La Commissione europea ha aperto un secondo procedimento formale contro TikTok ai sensi del Digital Services Act (DSA). L’obiettivo, fa sapere la Commissione, è quello di valutare se l’azienda possa aver violato il DSA lanciando TikTok Lite in Francia e Spagna. Ai sensi del DSA, infatti, le piattaforme online molto grandi sono obbligate a presentare una relazione di valutazione del rischio, comprese le misure per mitigare eventuali rischi sistemici, prima di lanciare qualsiasi nuova funzionalità.
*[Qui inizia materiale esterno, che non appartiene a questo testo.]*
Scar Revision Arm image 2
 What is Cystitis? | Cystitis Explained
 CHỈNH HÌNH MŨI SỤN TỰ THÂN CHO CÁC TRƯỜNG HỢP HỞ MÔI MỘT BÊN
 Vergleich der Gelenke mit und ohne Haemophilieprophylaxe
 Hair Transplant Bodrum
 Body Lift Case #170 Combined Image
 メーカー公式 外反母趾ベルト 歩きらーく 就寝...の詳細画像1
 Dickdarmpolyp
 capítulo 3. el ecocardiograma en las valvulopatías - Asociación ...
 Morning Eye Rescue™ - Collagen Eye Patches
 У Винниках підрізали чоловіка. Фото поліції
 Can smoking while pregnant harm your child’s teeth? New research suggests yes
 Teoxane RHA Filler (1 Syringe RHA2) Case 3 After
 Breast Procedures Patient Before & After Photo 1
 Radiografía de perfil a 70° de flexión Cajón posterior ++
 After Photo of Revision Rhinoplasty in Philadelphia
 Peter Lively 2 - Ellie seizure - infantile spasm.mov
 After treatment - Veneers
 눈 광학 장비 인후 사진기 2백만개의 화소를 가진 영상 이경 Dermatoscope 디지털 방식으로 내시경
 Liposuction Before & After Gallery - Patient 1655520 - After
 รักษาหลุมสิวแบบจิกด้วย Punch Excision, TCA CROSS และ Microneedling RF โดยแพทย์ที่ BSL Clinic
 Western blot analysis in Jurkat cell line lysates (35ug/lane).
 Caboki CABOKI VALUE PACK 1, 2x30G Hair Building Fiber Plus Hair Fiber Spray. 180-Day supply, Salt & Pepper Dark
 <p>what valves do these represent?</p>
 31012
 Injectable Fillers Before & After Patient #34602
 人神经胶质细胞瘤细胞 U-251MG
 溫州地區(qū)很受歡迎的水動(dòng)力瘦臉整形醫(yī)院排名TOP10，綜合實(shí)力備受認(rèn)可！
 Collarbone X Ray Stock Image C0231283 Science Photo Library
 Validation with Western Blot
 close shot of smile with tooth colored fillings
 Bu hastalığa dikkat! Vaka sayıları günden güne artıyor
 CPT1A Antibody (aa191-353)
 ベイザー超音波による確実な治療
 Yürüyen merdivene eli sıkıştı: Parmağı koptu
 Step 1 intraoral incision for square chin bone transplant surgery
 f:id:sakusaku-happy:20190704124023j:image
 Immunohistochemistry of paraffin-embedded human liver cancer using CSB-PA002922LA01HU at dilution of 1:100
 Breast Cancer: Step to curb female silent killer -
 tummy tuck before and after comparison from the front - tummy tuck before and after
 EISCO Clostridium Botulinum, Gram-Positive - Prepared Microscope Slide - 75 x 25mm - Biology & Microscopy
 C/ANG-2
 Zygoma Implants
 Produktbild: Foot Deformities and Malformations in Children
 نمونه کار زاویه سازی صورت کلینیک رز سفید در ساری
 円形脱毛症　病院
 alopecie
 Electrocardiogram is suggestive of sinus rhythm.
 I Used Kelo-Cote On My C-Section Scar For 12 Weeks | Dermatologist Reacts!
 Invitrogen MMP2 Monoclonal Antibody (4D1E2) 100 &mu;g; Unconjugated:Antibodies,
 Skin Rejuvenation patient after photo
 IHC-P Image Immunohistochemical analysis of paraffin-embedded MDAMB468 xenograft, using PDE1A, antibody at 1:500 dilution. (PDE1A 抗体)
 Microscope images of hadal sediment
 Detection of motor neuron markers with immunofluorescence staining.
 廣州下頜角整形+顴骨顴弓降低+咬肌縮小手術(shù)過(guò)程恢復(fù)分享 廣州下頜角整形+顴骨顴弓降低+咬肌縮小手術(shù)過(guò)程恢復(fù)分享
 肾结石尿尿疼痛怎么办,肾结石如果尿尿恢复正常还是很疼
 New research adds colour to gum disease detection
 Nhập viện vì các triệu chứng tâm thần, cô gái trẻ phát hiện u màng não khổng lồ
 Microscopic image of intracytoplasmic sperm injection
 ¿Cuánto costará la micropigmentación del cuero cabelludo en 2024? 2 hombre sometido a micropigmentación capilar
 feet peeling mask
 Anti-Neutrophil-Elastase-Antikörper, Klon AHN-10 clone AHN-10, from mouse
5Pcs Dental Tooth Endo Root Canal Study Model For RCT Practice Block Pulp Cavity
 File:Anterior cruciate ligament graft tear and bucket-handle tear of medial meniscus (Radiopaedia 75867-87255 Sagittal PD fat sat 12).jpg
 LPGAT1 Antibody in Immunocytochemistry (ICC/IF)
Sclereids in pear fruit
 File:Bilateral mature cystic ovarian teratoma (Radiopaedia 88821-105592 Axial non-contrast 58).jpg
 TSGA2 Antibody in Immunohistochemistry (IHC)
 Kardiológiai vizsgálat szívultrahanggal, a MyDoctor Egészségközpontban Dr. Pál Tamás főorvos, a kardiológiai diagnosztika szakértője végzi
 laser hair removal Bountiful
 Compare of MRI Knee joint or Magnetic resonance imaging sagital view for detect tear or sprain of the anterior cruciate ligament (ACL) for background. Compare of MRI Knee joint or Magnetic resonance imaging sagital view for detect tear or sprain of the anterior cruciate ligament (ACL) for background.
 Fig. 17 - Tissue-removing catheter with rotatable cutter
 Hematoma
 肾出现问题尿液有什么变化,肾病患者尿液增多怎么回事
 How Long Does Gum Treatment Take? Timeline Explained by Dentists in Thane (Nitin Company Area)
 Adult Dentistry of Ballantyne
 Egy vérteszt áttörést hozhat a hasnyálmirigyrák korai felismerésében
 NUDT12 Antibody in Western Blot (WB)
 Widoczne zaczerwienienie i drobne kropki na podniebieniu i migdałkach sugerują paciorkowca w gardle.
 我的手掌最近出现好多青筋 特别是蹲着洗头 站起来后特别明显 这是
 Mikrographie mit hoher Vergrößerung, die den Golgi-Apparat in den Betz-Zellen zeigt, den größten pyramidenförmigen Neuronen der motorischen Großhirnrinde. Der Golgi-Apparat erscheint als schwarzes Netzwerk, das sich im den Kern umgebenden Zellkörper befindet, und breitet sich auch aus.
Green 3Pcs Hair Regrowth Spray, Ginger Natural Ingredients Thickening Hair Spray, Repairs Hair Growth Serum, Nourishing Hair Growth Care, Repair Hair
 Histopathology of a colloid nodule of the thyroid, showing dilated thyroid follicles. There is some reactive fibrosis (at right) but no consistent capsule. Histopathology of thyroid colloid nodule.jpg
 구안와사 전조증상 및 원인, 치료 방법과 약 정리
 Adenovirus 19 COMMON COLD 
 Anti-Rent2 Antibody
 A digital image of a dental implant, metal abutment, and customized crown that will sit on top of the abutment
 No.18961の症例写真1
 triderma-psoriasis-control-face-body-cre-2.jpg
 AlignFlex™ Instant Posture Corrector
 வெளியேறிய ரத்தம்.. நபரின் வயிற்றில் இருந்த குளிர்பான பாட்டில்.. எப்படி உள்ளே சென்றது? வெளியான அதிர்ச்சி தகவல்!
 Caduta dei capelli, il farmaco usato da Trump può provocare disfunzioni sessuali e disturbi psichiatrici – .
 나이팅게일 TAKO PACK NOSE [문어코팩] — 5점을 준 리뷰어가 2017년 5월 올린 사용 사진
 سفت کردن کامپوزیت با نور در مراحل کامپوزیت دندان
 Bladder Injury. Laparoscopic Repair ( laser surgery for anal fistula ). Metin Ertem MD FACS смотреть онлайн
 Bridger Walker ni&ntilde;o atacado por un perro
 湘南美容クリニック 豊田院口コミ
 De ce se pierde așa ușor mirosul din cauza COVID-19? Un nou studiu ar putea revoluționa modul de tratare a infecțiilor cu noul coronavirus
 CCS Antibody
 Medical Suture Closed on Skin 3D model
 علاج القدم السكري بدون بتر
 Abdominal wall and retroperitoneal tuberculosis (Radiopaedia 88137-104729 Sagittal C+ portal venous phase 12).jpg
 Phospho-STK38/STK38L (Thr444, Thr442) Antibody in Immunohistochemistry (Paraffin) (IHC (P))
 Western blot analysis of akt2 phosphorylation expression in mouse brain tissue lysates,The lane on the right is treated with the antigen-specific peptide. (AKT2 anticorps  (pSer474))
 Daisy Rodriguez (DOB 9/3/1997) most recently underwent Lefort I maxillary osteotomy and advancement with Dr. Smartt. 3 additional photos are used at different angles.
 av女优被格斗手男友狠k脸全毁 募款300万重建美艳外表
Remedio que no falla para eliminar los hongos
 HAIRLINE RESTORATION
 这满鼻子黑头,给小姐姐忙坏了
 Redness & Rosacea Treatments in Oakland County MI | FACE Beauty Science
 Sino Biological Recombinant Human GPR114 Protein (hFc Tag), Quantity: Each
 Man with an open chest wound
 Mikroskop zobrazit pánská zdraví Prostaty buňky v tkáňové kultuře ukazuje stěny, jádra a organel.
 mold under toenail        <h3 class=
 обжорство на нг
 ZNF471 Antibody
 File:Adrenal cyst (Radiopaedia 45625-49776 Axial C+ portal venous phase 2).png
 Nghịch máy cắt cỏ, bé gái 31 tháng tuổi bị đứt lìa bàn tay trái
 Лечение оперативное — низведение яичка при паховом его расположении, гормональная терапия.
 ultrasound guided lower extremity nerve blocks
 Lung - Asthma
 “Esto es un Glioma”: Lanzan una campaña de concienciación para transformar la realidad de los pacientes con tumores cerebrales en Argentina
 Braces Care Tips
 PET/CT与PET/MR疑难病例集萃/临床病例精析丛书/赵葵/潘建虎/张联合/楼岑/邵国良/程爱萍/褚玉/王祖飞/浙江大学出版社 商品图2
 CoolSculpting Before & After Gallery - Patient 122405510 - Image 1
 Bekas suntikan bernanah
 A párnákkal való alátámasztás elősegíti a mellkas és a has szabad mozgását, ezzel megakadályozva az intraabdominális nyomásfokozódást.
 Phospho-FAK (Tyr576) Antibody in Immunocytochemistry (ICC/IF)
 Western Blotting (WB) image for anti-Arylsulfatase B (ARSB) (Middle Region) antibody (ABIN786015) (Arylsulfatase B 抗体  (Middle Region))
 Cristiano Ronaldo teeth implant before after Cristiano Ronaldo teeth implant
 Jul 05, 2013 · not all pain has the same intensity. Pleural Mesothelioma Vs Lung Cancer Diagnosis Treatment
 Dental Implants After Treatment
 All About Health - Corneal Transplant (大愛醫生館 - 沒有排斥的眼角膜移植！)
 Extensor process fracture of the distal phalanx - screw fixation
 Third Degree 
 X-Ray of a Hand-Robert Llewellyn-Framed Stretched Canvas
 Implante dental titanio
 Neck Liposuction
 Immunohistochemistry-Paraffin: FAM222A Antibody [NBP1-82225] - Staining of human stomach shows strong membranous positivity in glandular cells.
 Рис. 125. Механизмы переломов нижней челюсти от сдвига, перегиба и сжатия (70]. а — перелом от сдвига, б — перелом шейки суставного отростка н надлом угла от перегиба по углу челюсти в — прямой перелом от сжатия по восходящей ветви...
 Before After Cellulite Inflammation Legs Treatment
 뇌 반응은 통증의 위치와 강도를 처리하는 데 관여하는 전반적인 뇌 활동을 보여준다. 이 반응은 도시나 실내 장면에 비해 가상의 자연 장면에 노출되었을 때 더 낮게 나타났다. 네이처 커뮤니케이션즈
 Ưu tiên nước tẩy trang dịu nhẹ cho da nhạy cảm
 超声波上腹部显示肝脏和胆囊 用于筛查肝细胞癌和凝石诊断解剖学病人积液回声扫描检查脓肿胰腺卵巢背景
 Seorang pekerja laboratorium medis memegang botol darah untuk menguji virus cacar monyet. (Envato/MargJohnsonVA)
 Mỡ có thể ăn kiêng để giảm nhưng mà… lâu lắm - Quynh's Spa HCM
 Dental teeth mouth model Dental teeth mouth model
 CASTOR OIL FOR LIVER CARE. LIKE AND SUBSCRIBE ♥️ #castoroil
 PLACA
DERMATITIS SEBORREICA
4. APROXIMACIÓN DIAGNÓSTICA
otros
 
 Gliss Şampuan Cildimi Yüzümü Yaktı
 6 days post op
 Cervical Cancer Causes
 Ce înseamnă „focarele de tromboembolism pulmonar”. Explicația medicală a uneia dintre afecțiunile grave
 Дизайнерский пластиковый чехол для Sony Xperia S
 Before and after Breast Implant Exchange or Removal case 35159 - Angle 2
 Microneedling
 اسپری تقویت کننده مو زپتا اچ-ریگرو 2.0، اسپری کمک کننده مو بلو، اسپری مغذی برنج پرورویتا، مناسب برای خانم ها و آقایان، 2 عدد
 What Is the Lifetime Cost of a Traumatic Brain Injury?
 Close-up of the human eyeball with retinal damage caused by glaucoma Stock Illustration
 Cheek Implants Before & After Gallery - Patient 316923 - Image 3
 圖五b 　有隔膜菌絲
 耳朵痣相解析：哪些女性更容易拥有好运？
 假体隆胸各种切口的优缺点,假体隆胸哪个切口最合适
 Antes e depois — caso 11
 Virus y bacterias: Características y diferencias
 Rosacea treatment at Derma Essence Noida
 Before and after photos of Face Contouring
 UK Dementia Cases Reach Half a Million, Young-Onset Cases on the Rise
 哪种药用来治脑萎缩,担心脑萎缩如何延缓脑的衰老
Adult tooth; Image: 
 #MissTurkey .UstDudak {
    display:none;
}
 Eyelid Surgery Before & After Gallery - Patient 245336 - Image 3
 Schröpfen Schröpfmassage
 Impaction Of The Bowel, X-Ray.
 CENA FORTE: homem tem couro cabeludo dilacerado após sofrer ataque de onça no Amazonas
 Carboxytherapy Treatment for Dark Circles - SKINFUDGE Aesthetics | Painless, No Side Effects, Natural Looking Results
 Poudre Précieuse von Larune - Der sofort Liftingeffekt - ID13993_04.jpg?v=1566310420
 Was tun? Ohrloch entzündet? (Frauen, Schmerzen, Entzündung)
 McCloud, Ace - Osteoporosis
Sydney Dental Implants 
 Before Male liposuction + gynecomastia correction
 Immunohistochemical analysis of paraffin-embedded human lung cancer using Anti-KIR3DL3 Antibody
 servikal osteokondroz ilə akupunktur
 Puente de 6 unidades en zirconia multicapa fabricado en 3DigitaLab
“Sospettiamo che la versione TikTok Lite sia tossica e crei dipendenza, in particolare per i bambini – ha detto il commissario Ue al Mercato interno Thierry Breton -. A meno che TikTok non fornisca prove convincenti di sicurezza, cosa che fino ad ora non è riuscita a fare, siamo pronti ad attivare misure provvisorie del Dsa, tra cui la sospensione del programma di premi di TikTokLite”. Da Bruxelles, intanto, minacciano di sospendere da giovedì alcune funzioni dell’app TikTok Lite, lanciata nei due Paesi europei, per spingere gli utenti a trascorrere più tempo sulla piattaforma utilizzando un sistema a premi. La Commissione è preoccupata per i “rischi di gravi danni alla salute mentale degli utenti”, compresi i minori, derivanti dal programma a premi che può indurre “dipendenza”.

Una prima indagine della Commissione europea su TikTok era stata aperta il 19 febbraio scorso. Il procedimento, anche in quel caso, aveva l’obiettivo di valutare se il social cinese avesse potuto violare il Digital Services Act in ambiti legati alla tutela dei minori, alla trasparenza della pubblicità, all’acceso ai dati per i ricercatori e alla gestione del rischio di design che creano dipendenza e contenuti dannosi.